Town in County Durham, England

Spennymoor is a town and civil parish in County Durham, England. It is south of the River Wear and is 7 mi south of Durham. The civil parish includes the villages of Kirk Merrington, Middlestone Moor, Byers Green and Tudhoe. In 2011 the parish had a population of 19,816.

==History==
===Origins===
The land on which Spennymoor now stands was once a vast expanse of moorland covered with thorn and whin bushes (Spenny Moor). In 1336 its place-name was recorded as Spendingmor.

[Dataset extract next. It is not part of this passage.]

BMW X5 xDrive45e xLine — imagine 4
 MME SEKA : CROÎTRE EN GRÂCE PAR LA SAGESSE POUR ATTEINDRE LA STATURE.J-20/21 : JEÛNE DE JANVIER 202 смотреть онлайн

The name is probably derived from the Old English or Old Norse spenning and mōr, meaning a moor with a fence or enclosure.

Another theory of the place-name's origin is from the Latin spina, meaning thorn (possibly from the Roman influence at Binchester) combined with the Old English or Old Norse mōr. CE Jackson, in his Place Names of Durham published in 1916 suggested a combination of the Old Norse spaan with Old English mar, meaning the moor named after the shingle-hut erected thereon.

Neither Britons nor Romans cultivated the moor, but on the site of Binchester, a village about 5 mi to the southwest, the Romans built a camp around which grew up the settlement of Vinovia. The name Binchester is the usual Old English corruption or adaptation of the Roman site name.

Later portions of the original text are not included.